EXCERPTED DATA below:

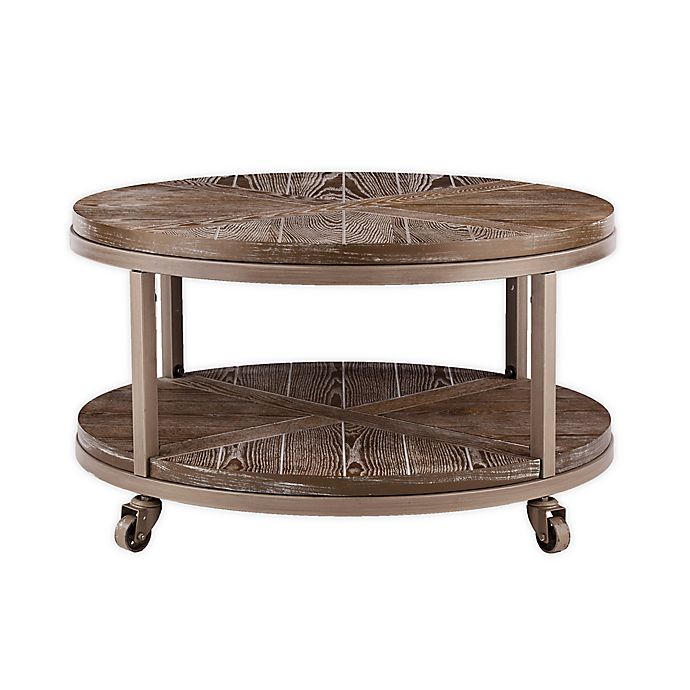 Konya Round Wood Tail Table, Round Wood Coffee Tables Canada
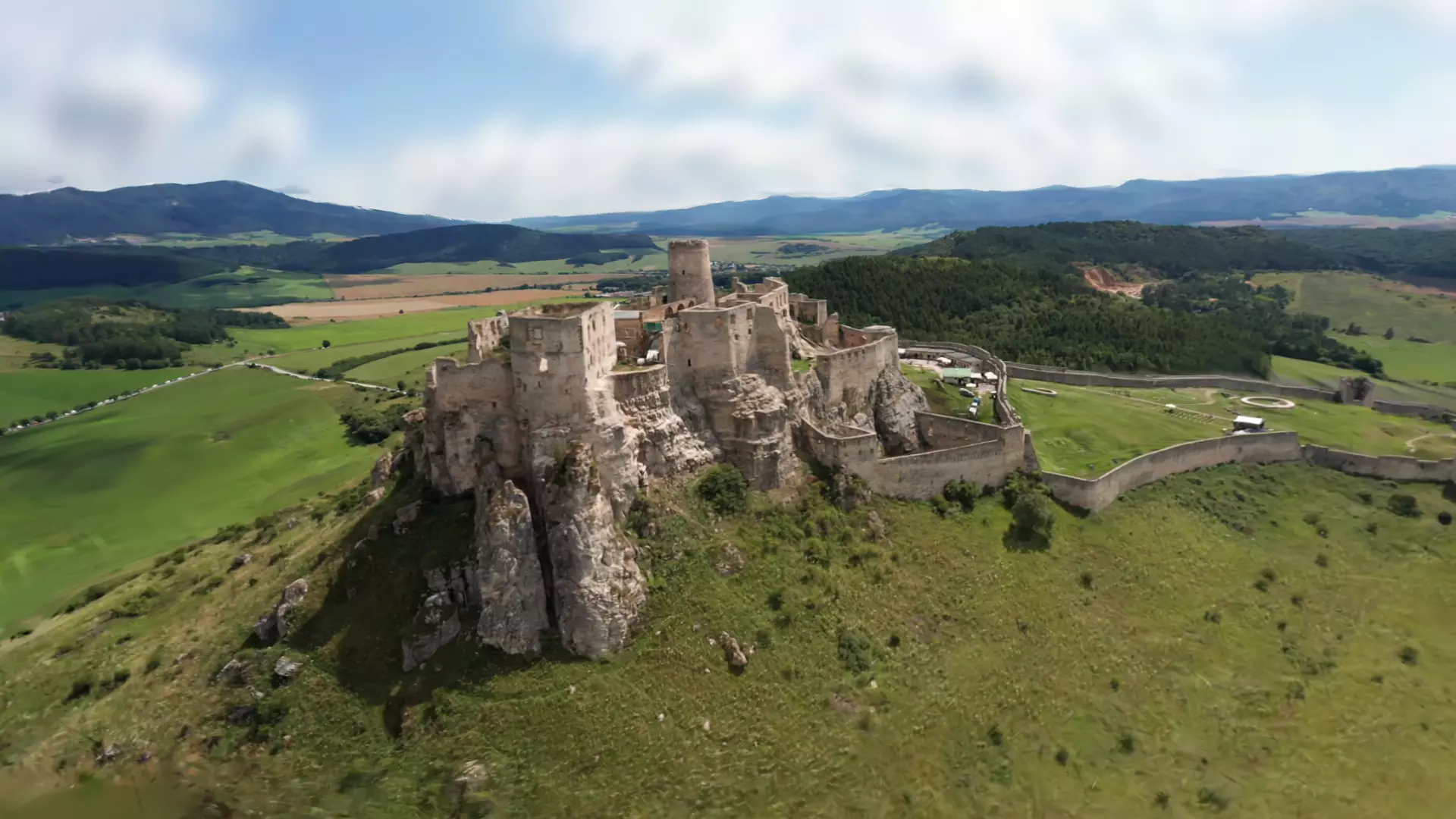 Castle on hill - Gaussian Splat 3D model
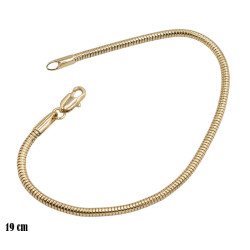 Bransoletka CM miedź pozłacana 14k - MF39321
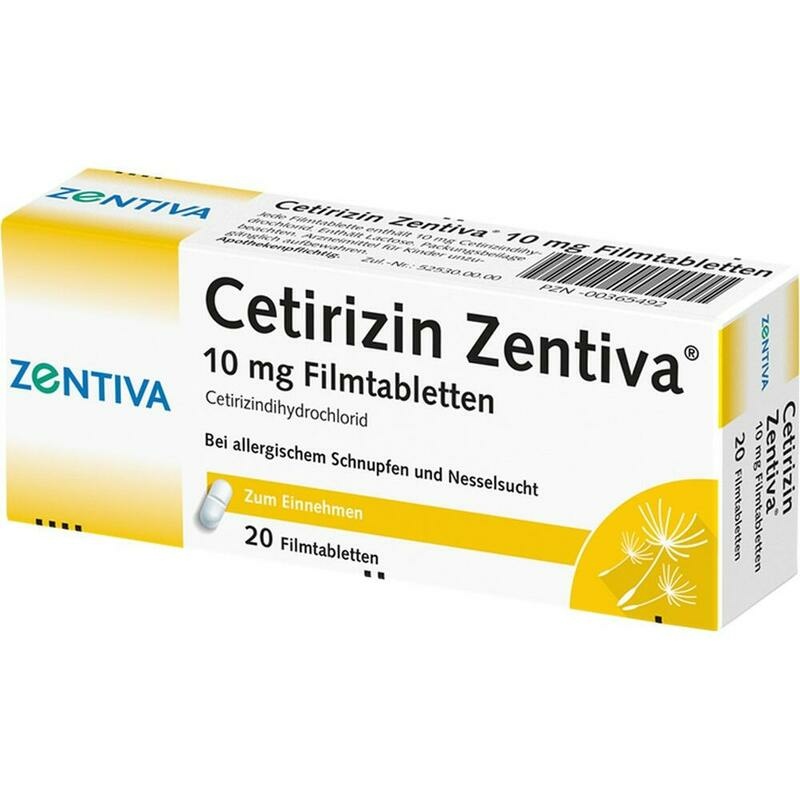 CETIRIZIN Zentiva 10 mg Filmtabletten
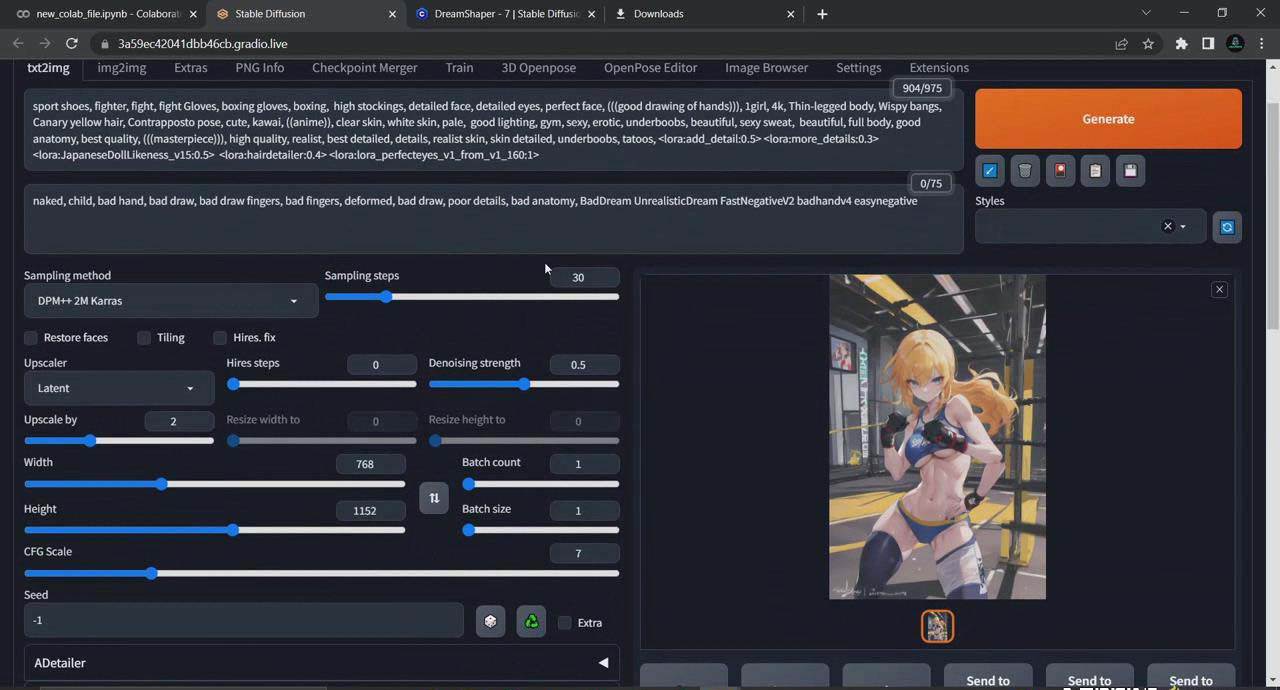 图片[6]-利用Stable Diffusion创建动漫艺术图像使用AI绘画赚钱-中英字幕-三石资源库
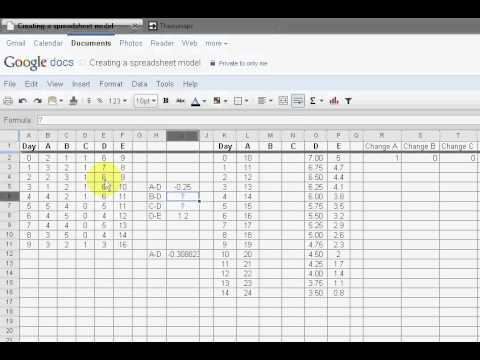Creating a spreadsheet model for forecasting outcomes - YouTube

End of EXCERPTED DATA.
EXCERPTED DATA below:

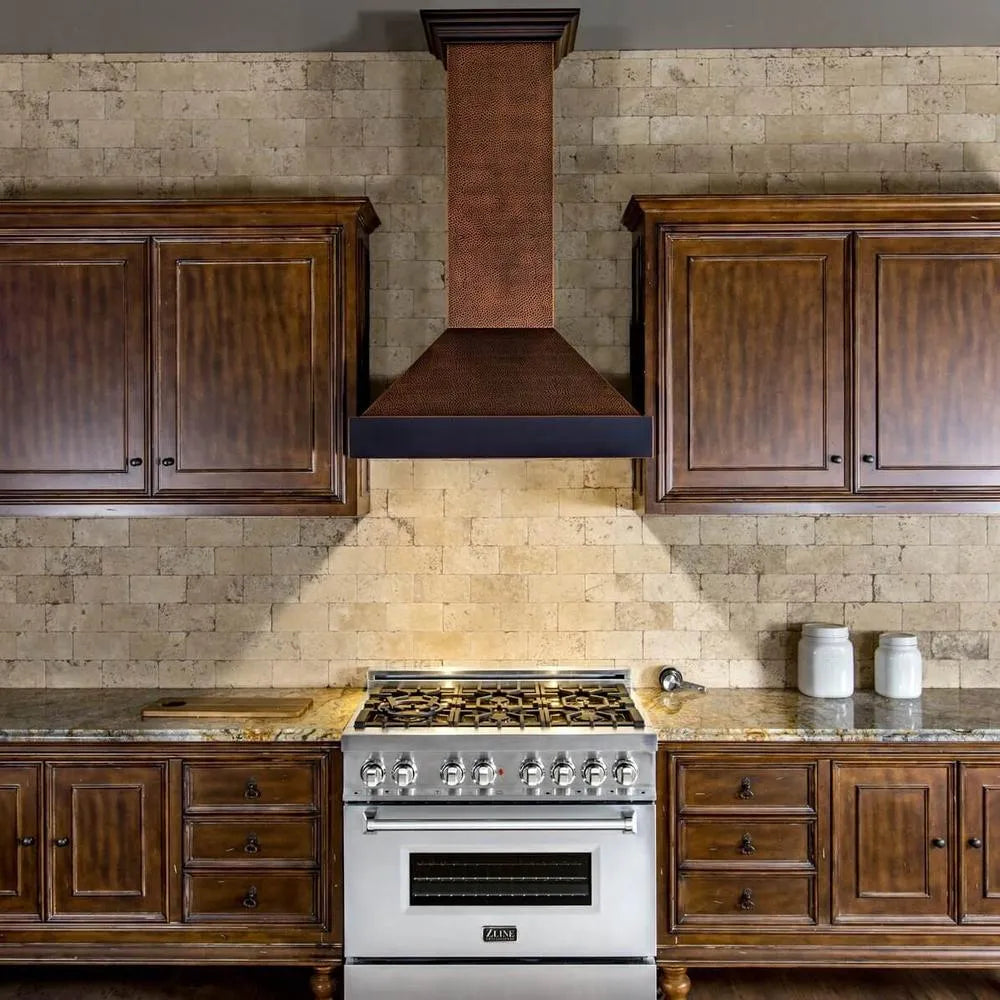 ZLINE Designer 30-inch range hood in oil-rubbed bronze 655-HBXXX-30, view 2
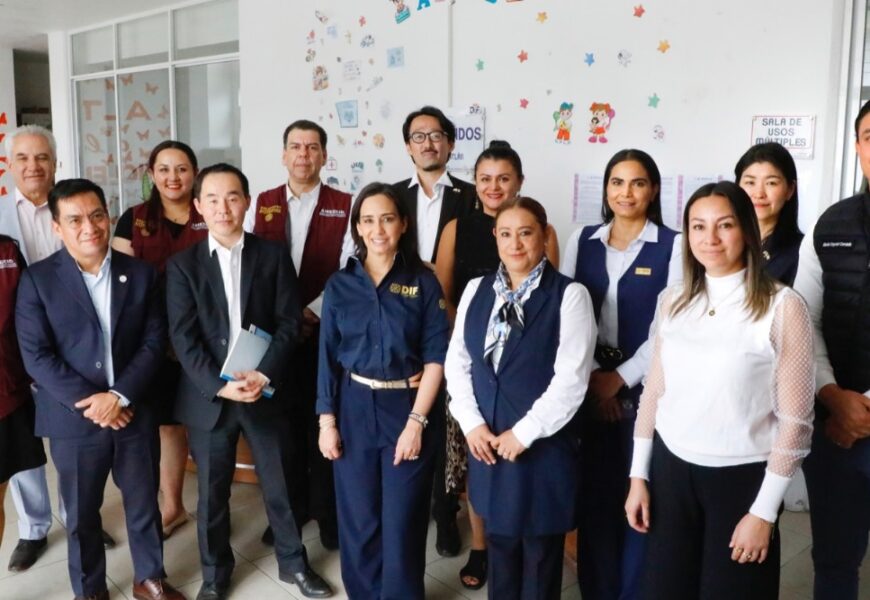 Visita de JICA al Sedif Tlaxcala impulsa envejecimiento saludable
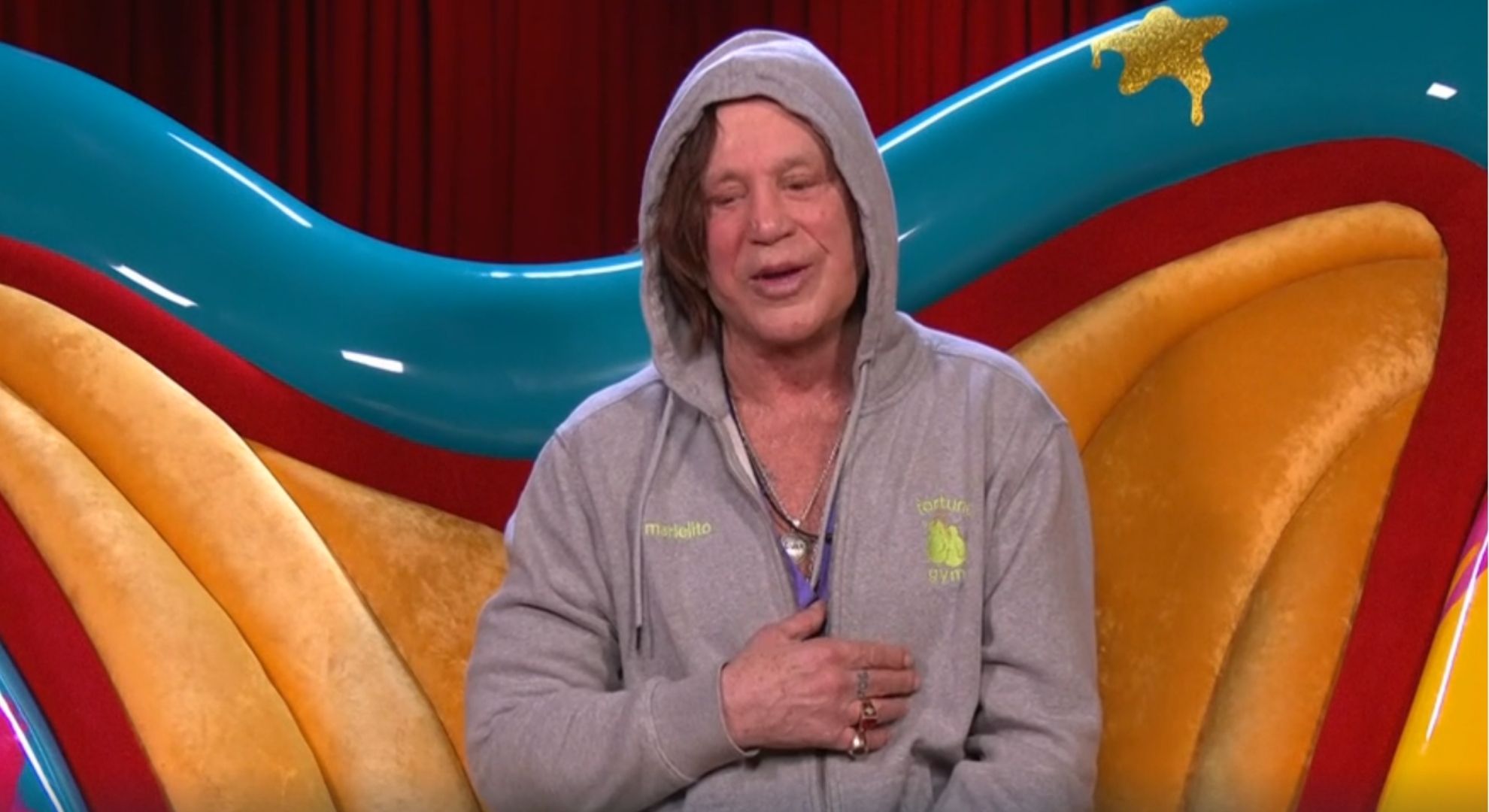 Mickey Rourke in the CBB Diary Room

End of EXCERPTED DATA.

WORK ORDER: Starting at the line containing "Castle on hill - Gaussian Splat 3D model" and finishing at the line containing "Creating a spreadsheet", return those lines exactly as they appear above, without the pictures.

RESULT OF THE EXERCISE:
 Castle on hill - Gaussian Splat 3D model
 Bransoletka CM miedź pozłacana 14k - MF39321
 CETIRIZIN Zentiva 10 mg Filmtabletten
 图片[6]-利用Stable Diffusion创建动漫艺术图像使用AI绘画赚钱-中英字幕-三石资源库
Creating a spreadsheet model for forecasting outcomes - YouTube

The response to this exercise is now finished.